Mais depuis le début des manifestations déclenchées après la présidentielle contestée du 12 juin, on les voit défiler aux côtés des hommes, crier leur opposition à Ahmadinejad, et même mourir dans la rue sous les balles, comme Neda Agha Soltan, dont les images amateur ont fait le tour du monde grâce à Internet. "Les Iraniennes sont très puissantes et veulent leur liberté", a expliqué par téléphone à l'Associated Press une femme ayant participé aux manifestations de Téhéran et qui a demandé à ne pas être nommée, par peur de représailles. "Elles sont vraiment réprimées et veulent en parler". La contestation des résultats du scrutin du 12 juin par le réformateur Mir Hossein Moussavi a été le catalyseur de la vague de protestation qui a envahi Téhéran. Mais le ressentiment et la colère sont plus profondément enracinés chez beaucoup parmi les 35 millions d'Iraniennes, qui redoutent qu'un deuxième mandat d'Ahmadinejad, élu en 2005 sur un programme de "valeurs islamiques", ne soit encore pire que le premier. "A la racine des troubles actuels, il y a le mécontentement et la frustration face à une détresse qui date d'avant l'élection", estime la prix Nobel de la paix et avocate Shirin Ebadi. "La présence des femmes est proéminente (dans les manifestations, NDLR) parce qu'elles sont la catégorie la plus mécontente de la société". Si les femmes au Proche-Orient ont déjà rejoint les hommes dans des manifestations - comme au Koweit après l'invasion irakienne en 1990, ou dans les Territoires palestiniens après des opérations israéliennes - les rares images venues d'Iran n'ont rien de comparable.

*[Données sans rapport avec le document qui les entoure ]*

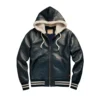 kaden dark blue leather hoodie jacket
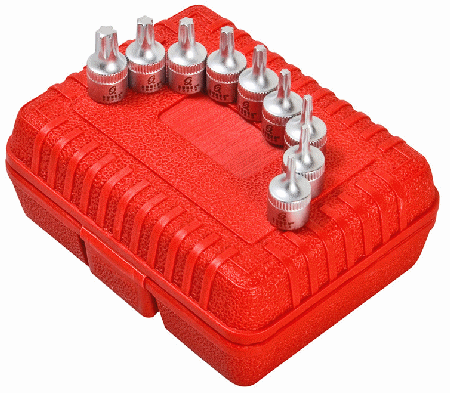 1/4" Drive 9 Piece Stubby Star Drive Bit Socket Set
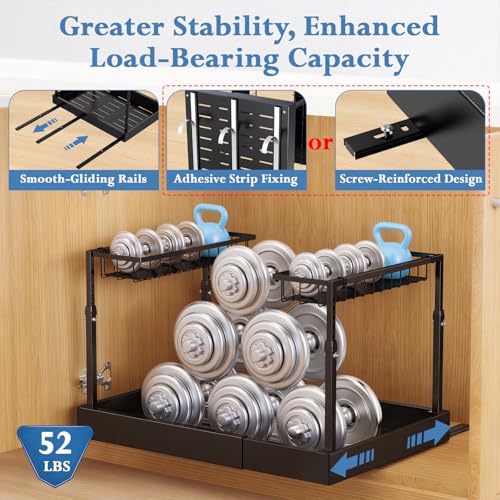 Aisslro Under Sink Organizer, 2 Tier Under the Sink Storage, Expandable Adjustable Slide Out Pull Out Under Cabinet Organizers Shelf, for Kitchen Bathroom Pantry Closet Organization, Black - size: Large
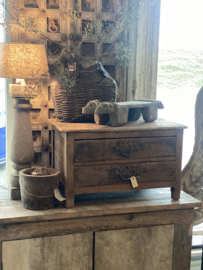 Oud houten ladekastje ladenkastje kastje vintage landelijk industrieel opstapje opzet stoer 35 x 60 x 36 cm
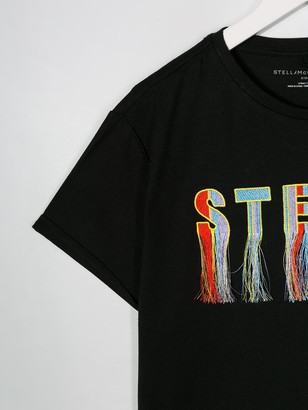 Stella McCartney Kids TEEN fringed-logo T-shirt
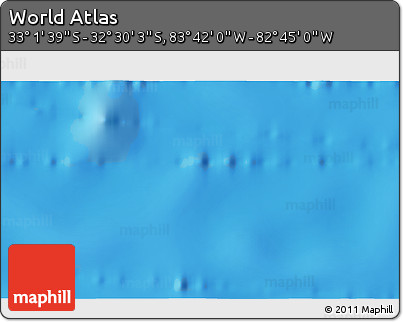 Shaded Relief 3D Map of the Area around 32° 45' 51" S, 83° 13' 29" W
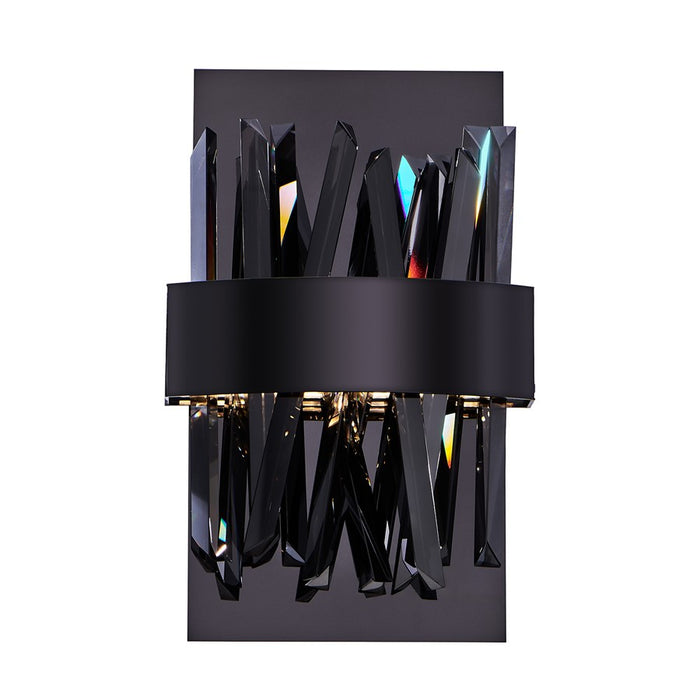 Kalco Glacier 1 Light Wall Sconce, Smoked Firenze/Black Nickel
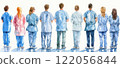 Doctors NHS strike watercolor style. High quality illustration 122056844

Face aux violences et à la répression, les Iraniennes sont aujourd'hui sur un pied d'égalité avec les hommes et ont donné au mouvement son arrestation la plus médiatique - la fille de l'ancien président Hashemi Rasfanjani-et son premier martyr - Neda Agha Soltan -, rôle souvent dévolu aux hommes dans la culture musulmane. "Elle (Neda, NDLR) représente cette jeunesse qui s'est déplacée avec espoir et idéalisme", analyse Ziba Mir-Hosseini, spécialiste des droits de la femme en Iran à l'université de Londres. "D'une certaine manière, elle est la première femme - martyr. C'est un martyr pour la démocratie".
Reste maintenant à savoir quelles seront les conséquences du mouvement pour les Iraniennes dans un pays où leur condition, malgré les restrictions de liberté, n'est pas comparable à celle des femmes dans d'autres pays musulmans tels que l'Arabie saoudite. Car, si la présidence et les fonctions religieuses leurs sont interdites, beaucoup d'entre elles sont élues au Parlement et occupent des postes politiques, et environ 65% des étudiants sont des femmes.
Sous le premier mandat d'Ahmadinejad, le gouvernement a mis en place des lois limitant les horaires de travail des femmes et la possibilité d'effectuer des heures supplémentaires, et qui ont poussé beaucoup d'entre elles vers des postes à temps partiel. Une loi facilitant la polygamie a également été proposée, et les restrictions vestimentaires ont été fermement appliquées. Autant d'éléments qui font craindre aux femmes iraniennes un deuxième mandat du président conservateurs, et qui motivent leur soutien à Mir Hossein Moussavi, lequel -fait rare en Iran-a fait campagne avec son épouse, Zahra Rahnavard, à ses côtés.